Italians complain that Renzi is uninspiring and unimaginative, but for now seem to prefer that to megalomaniacal and rash.

For them — for us — are these the only choices?

Make no mistake: Italy has problems. Desperate migrants by the thousands are trying to reach Sicily by boat from Northern Africa, and many are dying en route. In October there will be an epochal vote about a constitutional change that would reconfigure Italy’s Parliament, and Renzi has staked his government on its success.

I arrived in Milan to be foiled by a train strike. I made my way to Rome just in time for a garbage strike. The city’s most recent mayor resigned in disgrace, and the campaign to pick his successor has been a morose one. None of the Romans I encountered envisioned better days ahead.

But they were glad not to be residents of France, where Marine Le Pen surges anew. Or of Greece, where everything has fallen apart.

Or of the United States. Berlusconi, they argued, looks tame next to Trump. They have a point.

To talk with them about the parallels is to remember how universal some types of gullibility are. We all crave saviors. And certain political conditions create certain political opportunists. It’s predictable, even when observers fail to predict it.

Berlusconi’s ascent was as surprising to many Italians in the 1990s as Trump’s was to many of us. “We realized that we didn’t know our own country,” said Raffaella Menichini, a longtime journalist with the Italian newspaper La Repubblica. American journalists found ourselves in the same boat.

Berlusconi came to power by fashioning himself as a bold exception and antidote to the professional political class, which had just been racked by a widespread corruption scandal. He saw his opening.

He was a superrich businessman who knew how to feed the media — heck, he owned much of the media — and he pledged to use his entrepreneurial savvy to restore Italy’s economic dynamism, pushing the country forward by bringing it back to supposedly brighter days. He promised a “new Italian miracle.”
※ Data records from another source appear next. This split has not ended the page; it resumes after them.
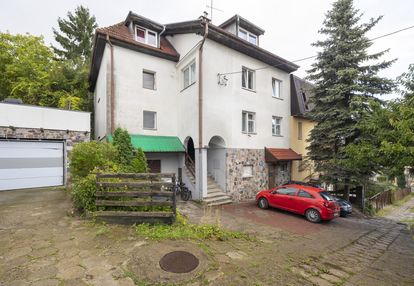 Dom 386 m² - duży potencjał inwestycyjny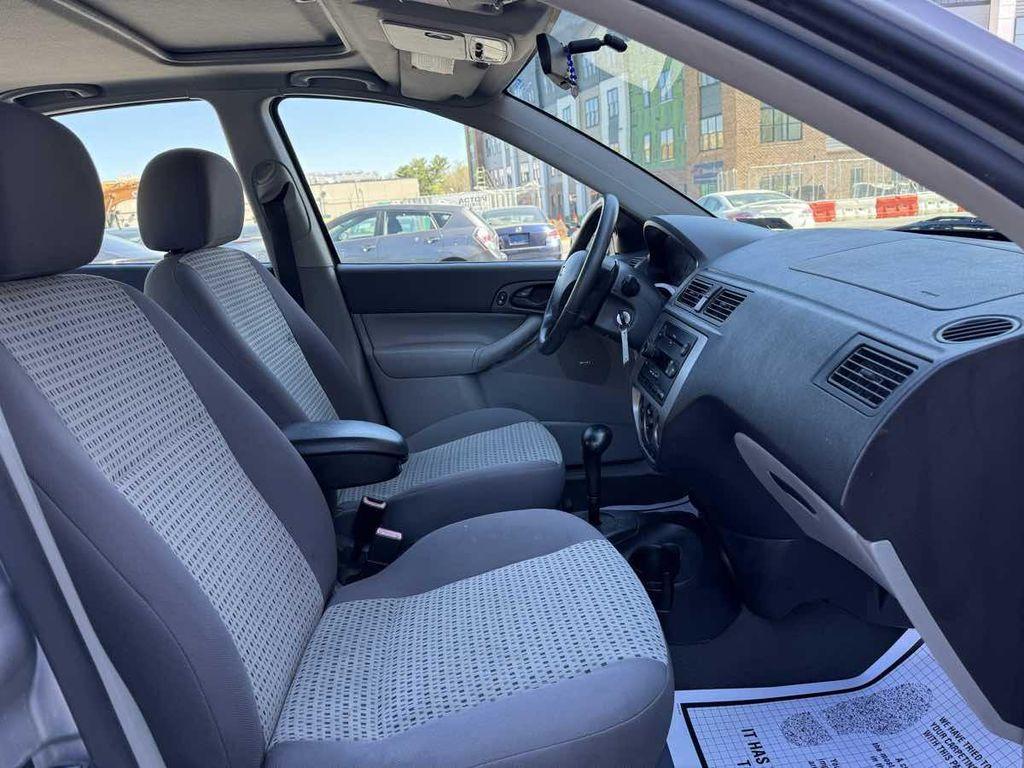 used 2006 Ford Focus car, priced at $5,789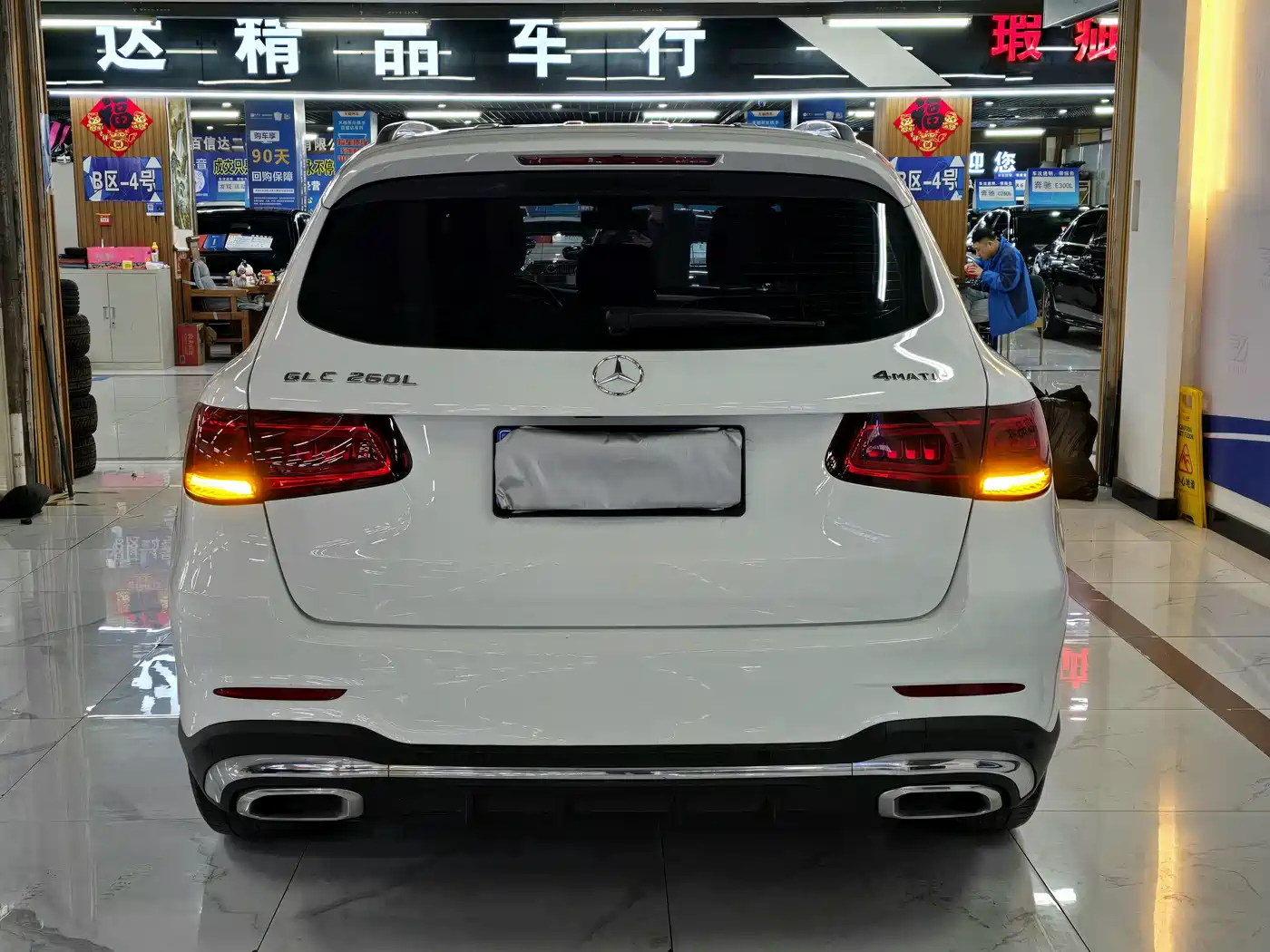 Mercedes-Benz GLC 2021 GLC 260 L 4MATIC Luxury фото 13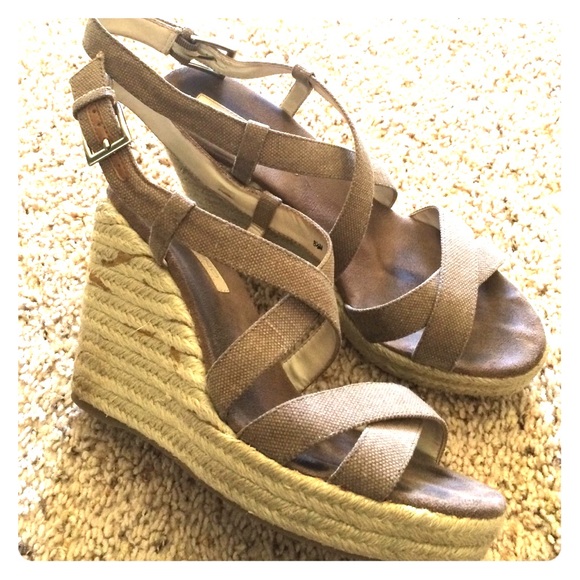 ❌❌sold❌❌Bandilino  wedges size 81/2
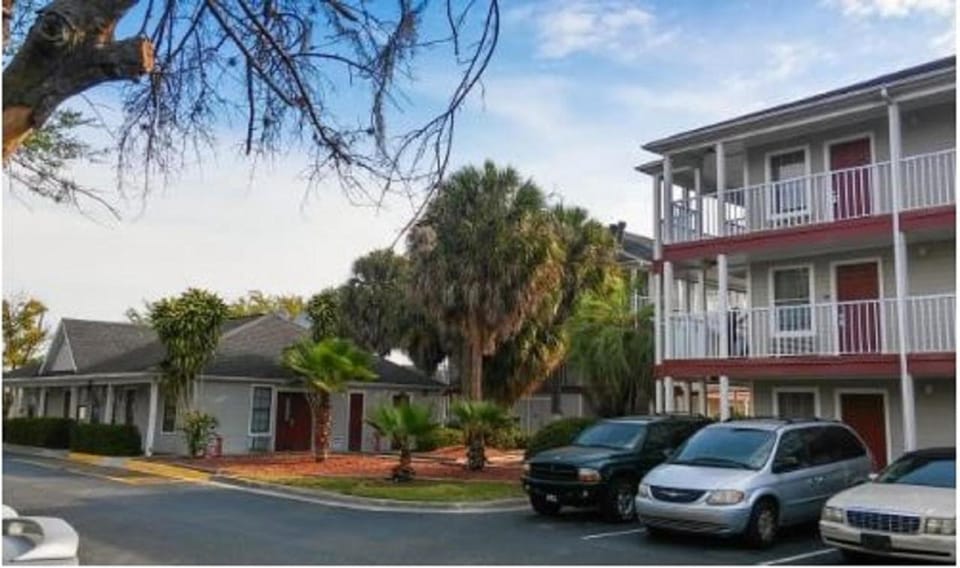 Property building, Facade/entrance, Parking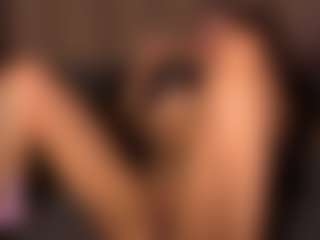 Live cam show with Teya - Dom on xplaylive.com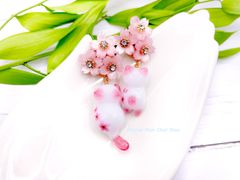 〈リニューアル版〉桜追っかけねこのピアス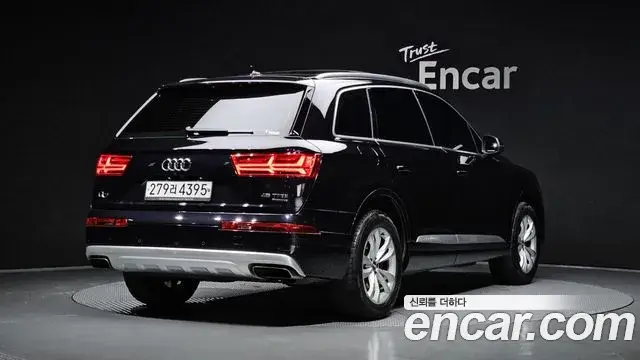 Audi Q7 2019 — Фото 2/20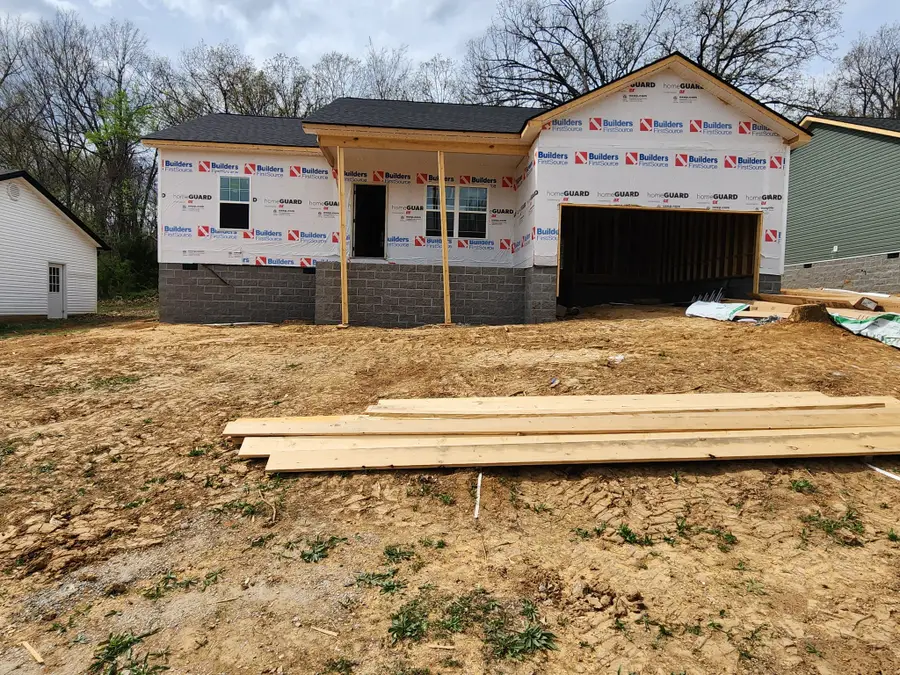 318 Pine Hill Dr, Hopkinsville, KY 42240 - #2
There was nostalgia in that vow, as there is in Trump’s to “make America great again.” Like Berlusconi, Trump deftly exploited profound disgust with politics as usual. And he understands, as Berlusconi did, that extreme bluntness mitigates extraordinary affluence, giving a plutocrat a bridge to, and bond with, the common man or woman.

Italians are fascinated by Trump. He’s prominent in newspapers, which tease out themes that connect him to Berlusconi, such as his objectification of women.

“The Italians look at Trump as a kind of Berlusconi,” said Marco Ventura, who was a spokesman for Berlusconi’s government when I covered it from 2002 to 2004. “But it’s too easy a comparison.”

And too easy on Trump. While Berlusconi had his rants and his scapegoats, warning Italians of overzealous judges and unrepentant Communists, there was little if anything on a racist par with Trump’s repeated vilifications of Mexicans and Muslims. He projected more affability.

“He always said that when you speak to people, you have to show that you have the sun in your pocket,” said Giuliano Ferrara, an Italian political analyst who worked in the Berlusconi government.

BUT Ferrara and other Italians noted a more crucial difference, and they did so in conversations before Hillary Clinton savaged Trump’s foreign-policy credentials in that belatedly fiery jeremiad on Thursday. Trump, they said, has the potential to muck up the world in a way that Berlusconi never could. So Americans’ indulgence of him is infinitely more dangerous than Italians’ of Berlusconi.

“Italy doesn’t claim to be the watchdog of the world,” Valentini observed. “You are.”

Domenico Minchilli, the architect I mentioned before, said that Trump, as president, would have “100 million times more power than Berlusconi ever had.”

“So while everyone was making fun of him over here until about a month ago,” Minchilli added, “I think everyone’s now frozen in terror that this guy could actually make the giant leap to the Oval Office.”

I sense that to be true around Europe. I know it to be true in Italy, where any hunger for that last laugh ultimately pales next to a panic over its price.

Berlusconi could be dismissed as comical, by Italians as well as by the foreigners who mocked him. Trump can’t. He’s a taller man, with a longer stride. And what’s peeking from his pocket most definitely isn’t the sun.